*** Begin section ***

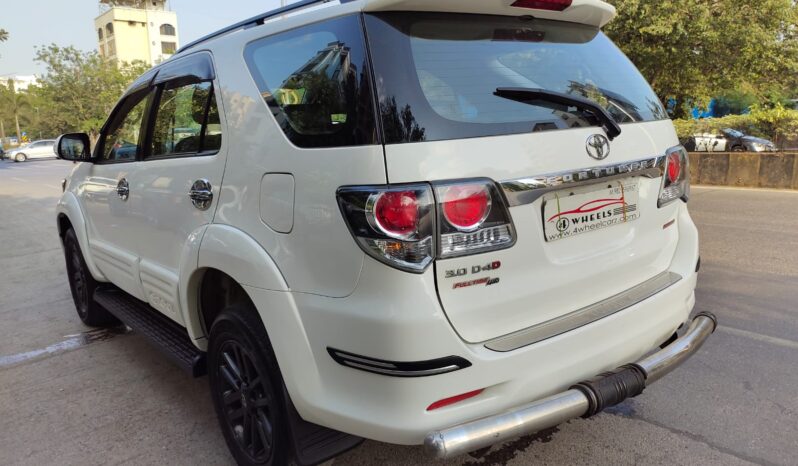 Toyota Fortuner3.0 L 4WD full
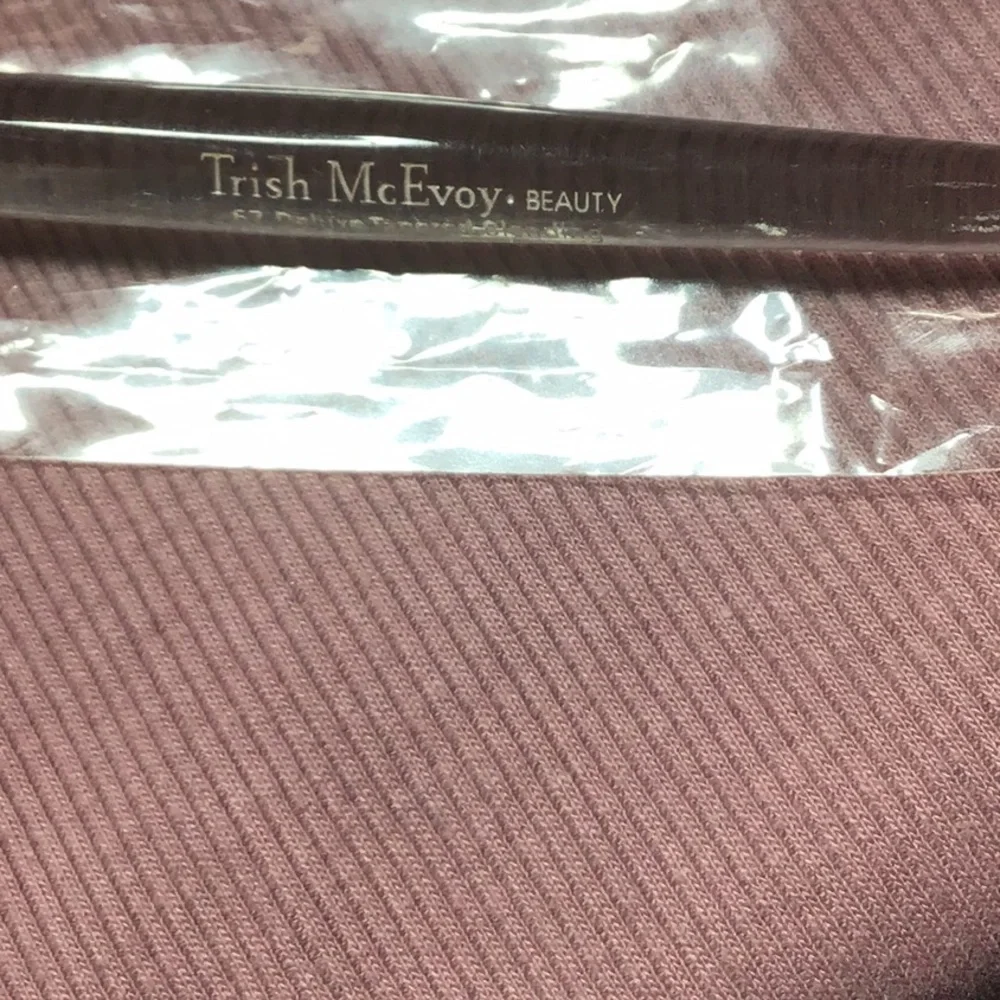 NEW TRISH MCEVOY BEAUTY 67 DELUXE BLENDING BRUSH. - Picture 2 of 2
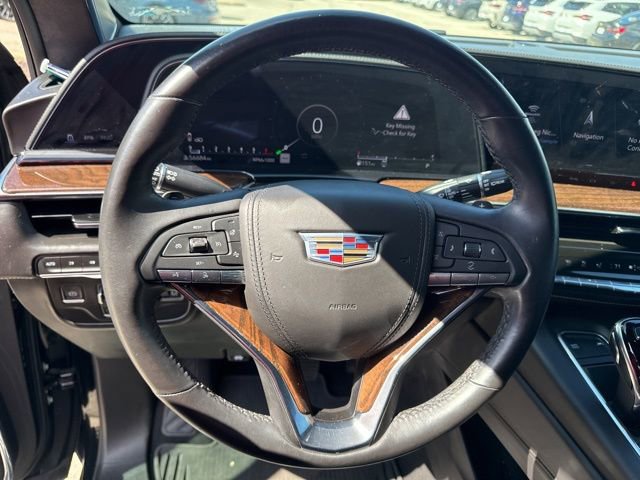 Used 2021 Cadillac Escalade Premium Luxury Platinum w/ Heavy-Duty Trailer Package image 16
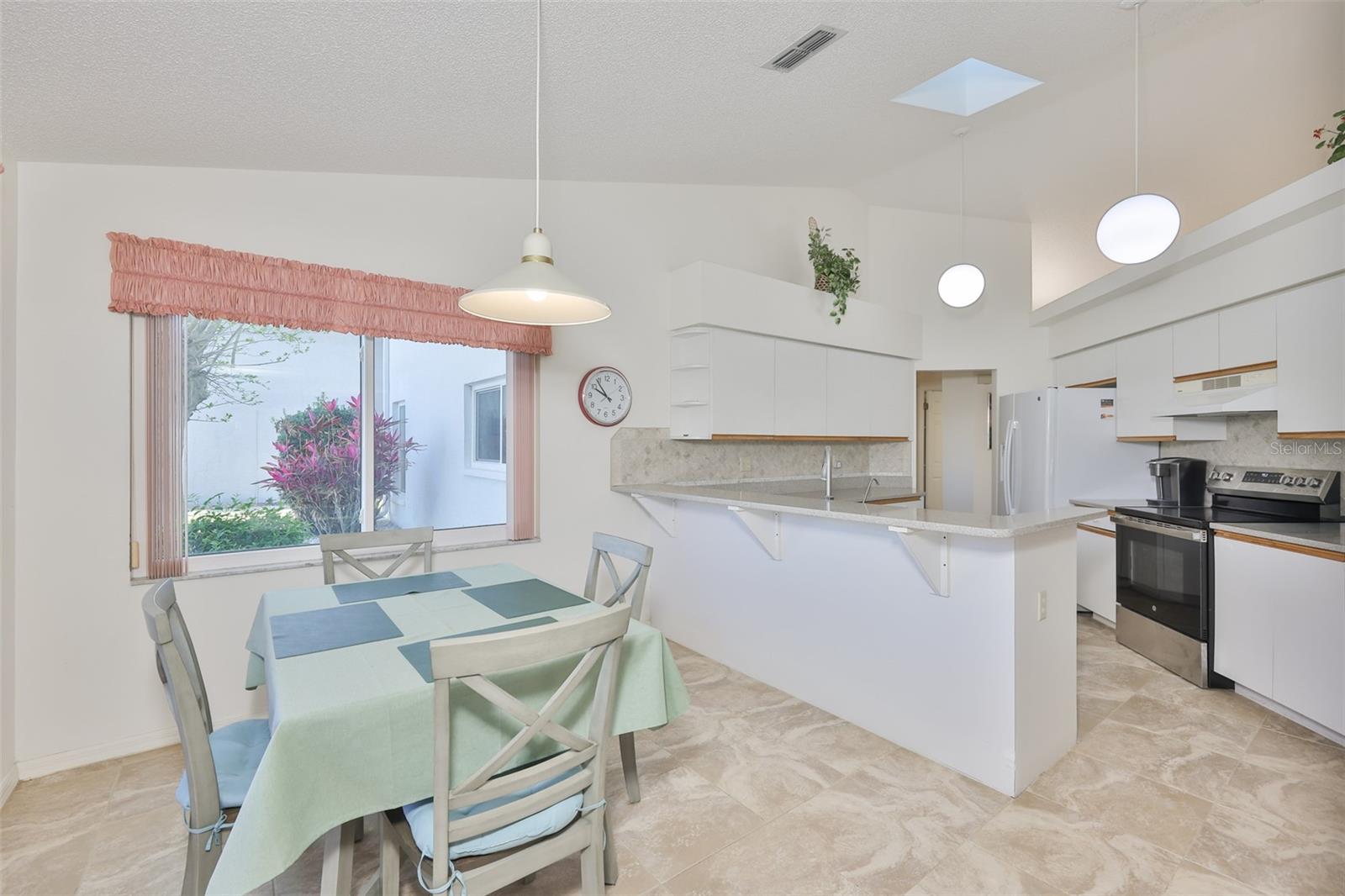 2023 NEW BEDFORD DR, SUN CITY CENTER, FL, 33573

*** End section ***

Task item: Leave the pictures out and print the whole listing precisely.

Output of the task:
 Toyota Fortuner3.0 L 4WD full
 NEW TRISH MCEVOY BEAUTY 67 DELUXE BLENDING BRUSH. - Picture 2 of 2
 Used 2021 Cadillac Escalade Premium Luxury Platinum w/ Heavy-Duty Trailer Package image 16
 2023 NEW BEDFORD DR, SUN CITY CENTER, FL, 33573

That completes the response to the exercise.